Olivia glanced at him. “I have as little faith as you do in the actuality of spirits and ghosts. But we must sift through all the information that we have if we are to arrive at an accurate conclusion. It occurs to me—why was she dressed the way she was dressed?”

“Because she was from a different time—or, rather, because we were to be led to believe she was from a different time.”

“Yes, but why that time? They were talking about this martyred family tonight, the Scorhills, but if I understood you correctly, they were from the early sixteenth century. Yet this woman’s dress was definitely medieval. My guess is from around the time of Eleanor of Aquitaine.”

Stephen raised his brows. “You can be that specific?”

Olivia shrugged. “I am fairly confident of it. Within a hundred years or so. Styles did not change as quickly in the Middle Ages. But her dress resembled ones I have seen in drawings and paintings of Queen Eleanor. I have read a good bit of history, and my favorite great-uncle is forever reading and talking about it. He, as it happens, is a great student of Henry II, Eleanor’s husband, so I have seen pictures of her
more than once. At any rate, I am certain it is medieval, not Tudor.”

“Why wouldn’t they play up the Martyrs, given what happened in the séance?”

“It would seem to make more sense.”

He smiled. “Perhaps they had a medieval costume handy but not a Tudor one. It might not be accurate, but at least it’s ghostly.”

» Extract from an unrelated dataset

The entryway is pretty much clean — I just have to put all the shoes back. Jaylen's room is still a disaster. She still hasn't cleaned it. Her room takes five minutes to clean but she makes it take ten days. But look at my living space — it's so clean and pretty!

“A medieval tunic and underdress would probably be easier to sew and to get into, that’s true. They are simpler. But this afternoon they used a robed monk, which does seem to fit with the Martyrs, at least to some extent. And if someone is able to pull off as good a trick as a woman walking through a wall, I would think they would bother to costume the ghost correctly.”

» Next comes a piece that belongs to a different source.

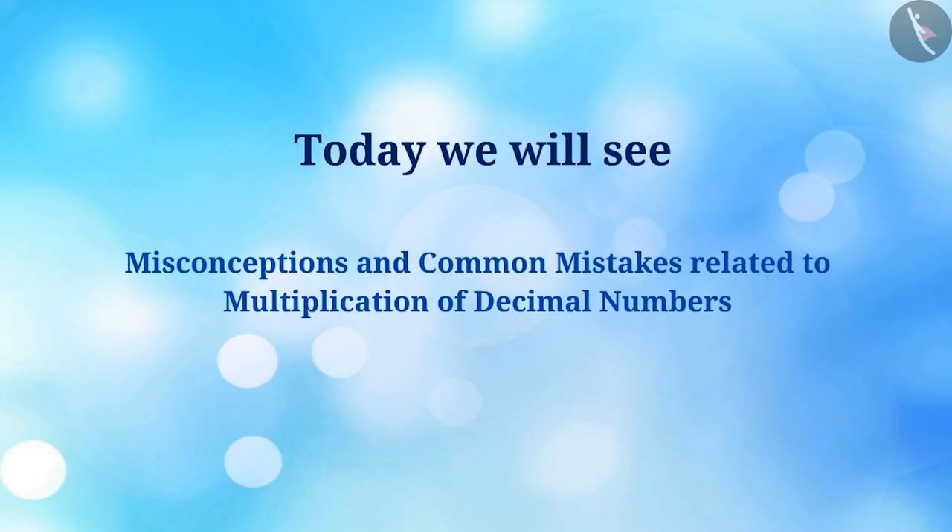Today we will see misconceptions and common mistakes related to multiplication of decimal numbers.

“What I find hardest to swallow is the idea that Madame Valenskaya and her cohorts have the intelligence to conjure up a trick like that,” Stephen said.

“I agree. But if it was not somehow caused by them, then we are left with only the theory that it was real.”

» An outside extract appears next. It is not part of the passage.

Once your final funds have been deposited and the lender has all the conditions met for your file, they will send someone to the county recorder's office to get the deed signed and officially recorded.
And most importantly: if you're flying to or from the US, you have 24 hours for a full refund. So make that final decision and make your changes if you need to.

They looked at each other. It was not a theory either of them was eager to accept.

Olivia glanced around the room. “There are a number of books here.”

“Yes, and more in the library. What are you suggesting?”

“That we do a little research,” Olivia replied.

“Into what?”

“Well…her gown, for one thing. We could make sure that it really is from the period I think it is. And perhaps we could find some information about the house. Belinda said she found out about the name while she was researching a paper for her tutor. She must have gotten the information from somewhere.”

“Oh, I’m sure there must be some histories. People are always writing tiresome tracts about their ancestors. What exactly are we looking for?”

“I’m not sure. Hopefully we will know it when we see it.”

They started at one end of the study, and after a few minutes of searching the shelves, they found two histories of England and a study of the English monarchs. Olivia sat down in the comfortable chair in front of Stephen’s desk and began to flip through the biographies of the monarchs.

It was not long before she exclaimed with triumph, “Here! Look, a drawing of Queen Mathilde—you know, who fought with Henry over who was the rightful ruler of England. She is dressed in much the same way as our woman tonight.”

Stephen, who had settled down behind the desk with one of the histories, came around to look over her shoulder. “Yes. Except for the fur around the cuffs and neck, it looks very much the same.”

Olivia turned another few pages. “And here is Eleanor. Still much the same.”

“So we must assume that our apparition is dressed as a—what, twelfth-century lady?”

“Yes. She’s clearly a woman of some consequence—that girdle she wore around her waist looked like gold links with some sort of stones, perhaps even precious gems. They were unfaceted back then, you know.”